The day after U.S. troops withdrew, Iraq’s prime minister, Nouri al-Maliki, began to aggressively consolidate governmental power along sectarian lines. He proceeded to undermine the professionalism of the Iraqi military by replacing competent commanders with cronies. These power grabs left Iraq unable to handle either the recent offensives by ISIS or a resurgence of smaller terrorist attacks throughout the nation. Sunni populations have little incentive to assist what they see as a Shiite-dominated central government, and Iraq’s military, lacking proper leadership and training, has faltered in the face of a much smaller ISIS force.
The crisis in Iraq is deeply connected to Clinton’s naïveté and inaction in Syria. Starting in 2009 she implemented a charm offensive toward Syrian president Bashar al-Assad — a dictator who sponsored terrorism, developed weapons of mass destruction, and aided insurgents who killed American troops in Iraq — in hopes of peeling him away from his patron state, Iran. She restored a U.S. ambassador to Syria, and her special envoy declared an easing of U.S. sanctions. Even when Assad began butchering his own people, Clinton continued her quixotic charm offensive by infamously declaring him a “reformer.”

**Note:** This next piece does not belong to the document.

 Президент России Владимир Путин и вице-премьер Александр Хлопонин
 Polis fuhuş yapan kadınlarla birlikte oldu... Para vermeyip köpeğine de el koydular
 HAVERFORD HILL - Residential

Ultimately, Clinton’s State Department never implemented an effective strategy to urge Assad’s removal and empower Syrian moderates. It clung to a policy of caution even as the hope for a new Syria faded and prospects grew that Assad would survive, or that a failed state teeming with jihadists would burn in the heart of the Middle East. And now those jihadists, in the form of ISIS, have made the jump into Iraq.